Pour recruter des femmes, les islamistes usent et abusent du recours au texte sacré. Même si, par principe, on n’a pas à répondre aux islamistes sur leur registre, le drame, la tragédie des jeunes femmes radicalisées, souvent mineures ne laisse pas trop le choix et l’on se doit de démystifier leur camelote parée de religieux.

Outre une présence très précaire du voile dans le texte sacré (2 versets sur près de 6230), l’interprétation rationnelle peut conduire à les comprendre comme un conseil, une exhortation à…Et non comme la prescription avérée d’un interdit.

L’on pourrait suggérer cette parabole : Dieu a dit avant Tartuffe « Cachez ce sein que je ne saurais voir ». Pour contextualiser, Jacques Berque nous a appris qu’à l’époque existait une fête païenne où hommes et femmes tournent nus autour de la pierre noire (l’actuelle Kaaba).
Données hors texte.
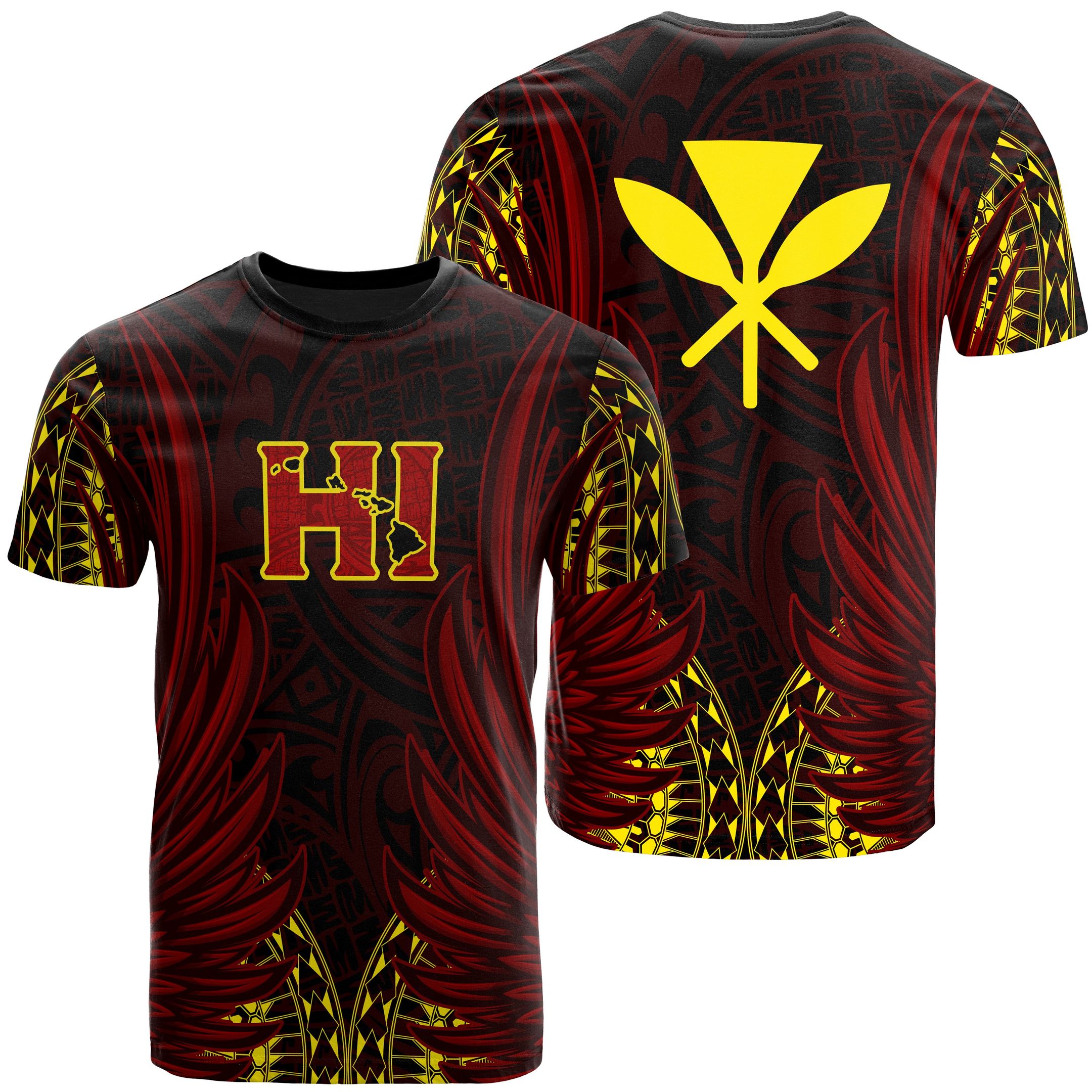 Hawaiian T-shirt Kanaka Wings Hawaii T-shirt – Jv Style – Ah – J2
L’injonction a été donc de cacher la poitrine et c’est la seule partie du corps mentionnée (le mot cheveu n’existe même pas dans le fameux texte). D’ailleurs de nos jours, on ne voit aucune femme se balader seins nus, c’est dire que la pudeur et la vertu n’ont rien à voir avec le voile. Les islamistes ont en fait un tintamarre assourdissant, en l’érigeant comme la question centrale de l’islam. A la vérité, cela relève de l’obsession de toujours des obscurantistes, le statut de la femme.

Enfin, à l’inverse de ce que peuvent arguer les islamistes et leurs sympathisants, de plus en plus de jeunes filles sont descolarisées non pas au motif qu’elles ne peuvent pas porter le voile à l’école mais parce que des imams et autres pseudo théologiens leur ont suggéré que la bonne musulmane c’est celle qui n’étudie pas, ne travaille pas, fait des enfants et s’occupe de son mari.

En fait, l’on sait de toute évidence qu’elles sont destinées à alimenter une forme de prostitution et d’esclavage sexuel. C’est la hantise des familles que nous suivons dans le cadre de notre association.

A ceux qui présentent le voile comme un signe d’émancipation et de libération, je suggère de méditer la question, on ne peut plus pertinente de Jacques Berque « Ne pourrait-on pas dire que le statut de la femme et ses signes extérieurs constituent un critère majeur d’évolution pour une société ? »

Khaled SLOUGUI,
président de l’association Turquoise Freedom.